Exercise data

■ ■ ■ ■

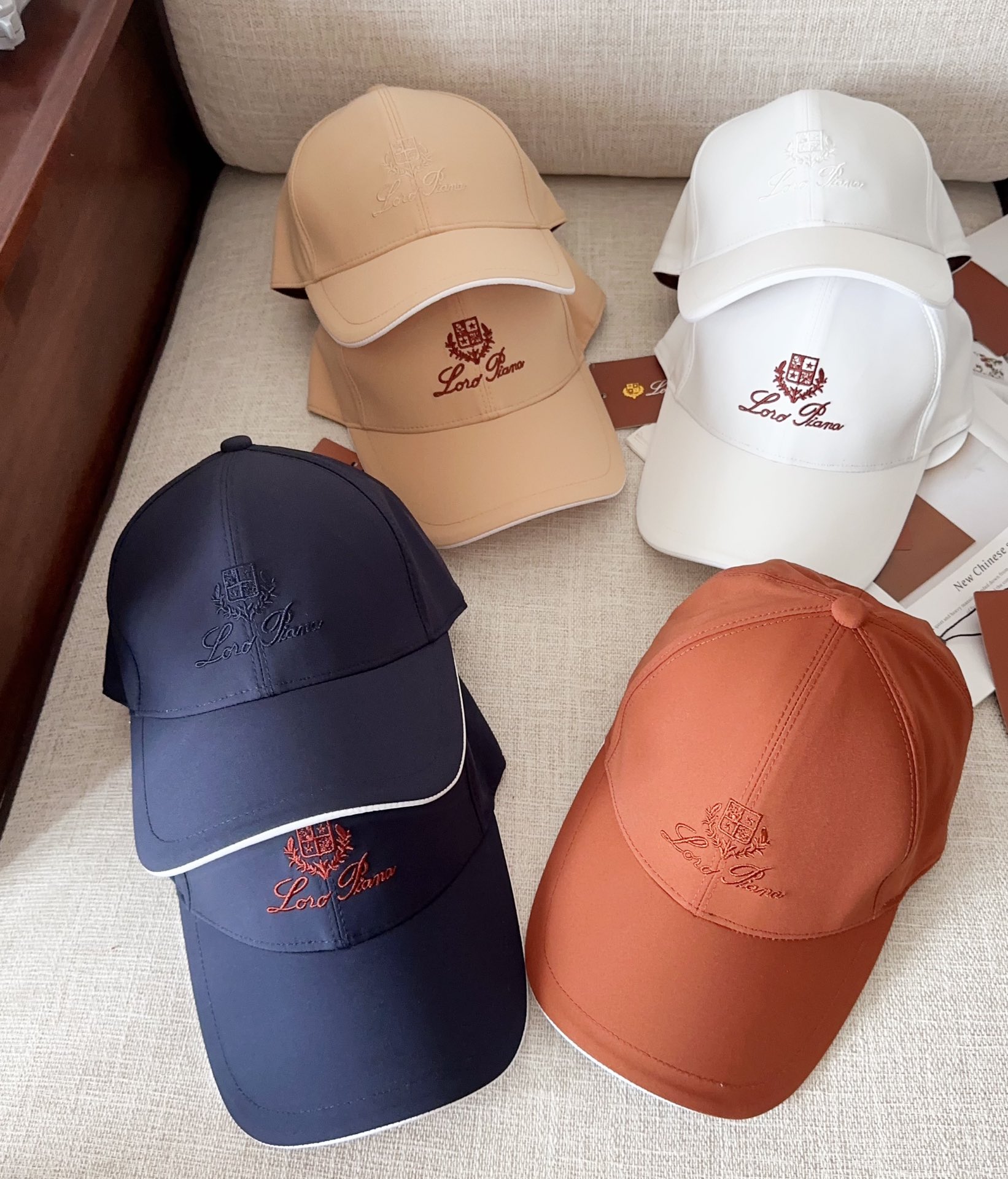 

Loro Piana(诺悠翩雅) 新款高版本棒球帽，大牌同步，超好搭配，出货！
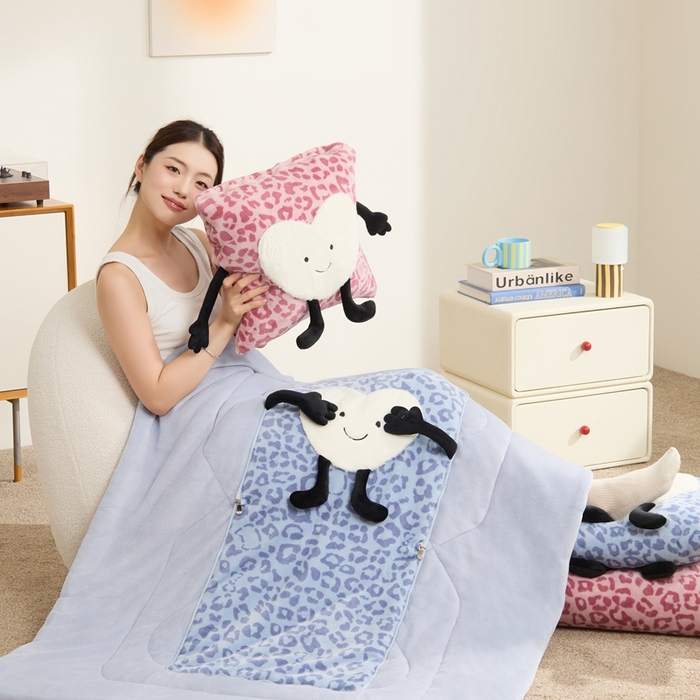 91家纺网 家纺一手货源 找家纺 多米家居 2025新款牛奶绒请开心抱枕被-Jellylove系列 组合图仅供参考不可下单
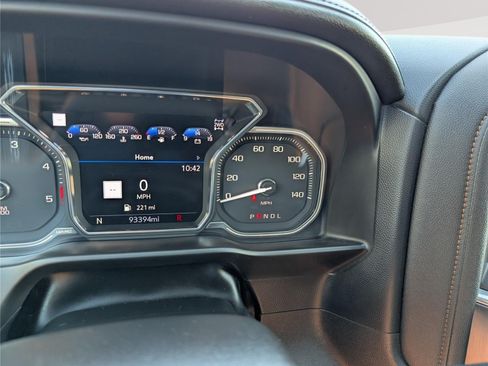 Used 2020 GMC Sierra 2500 AT4 w/ AT4 Premium Package AWD/4WD image 32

■ ■ ■ ■

Brief
Copy out the whole listing word for word, except for any picture it includes.

Completed exercise
Loro Piana(诺悠翩雅) 新款高版本棒球帽，大牌同步，超好搭配，出货！
 91家纺网 家纺一手货源 找家纺 多米家居 2025新款牛奶绒请开心抱枕被-Jellylove系列 组合图仅供参考不可下单
 Used 2020 GMC Sierra 2500 AT4 w/ AT4 Premium Package AWD/4WD image 32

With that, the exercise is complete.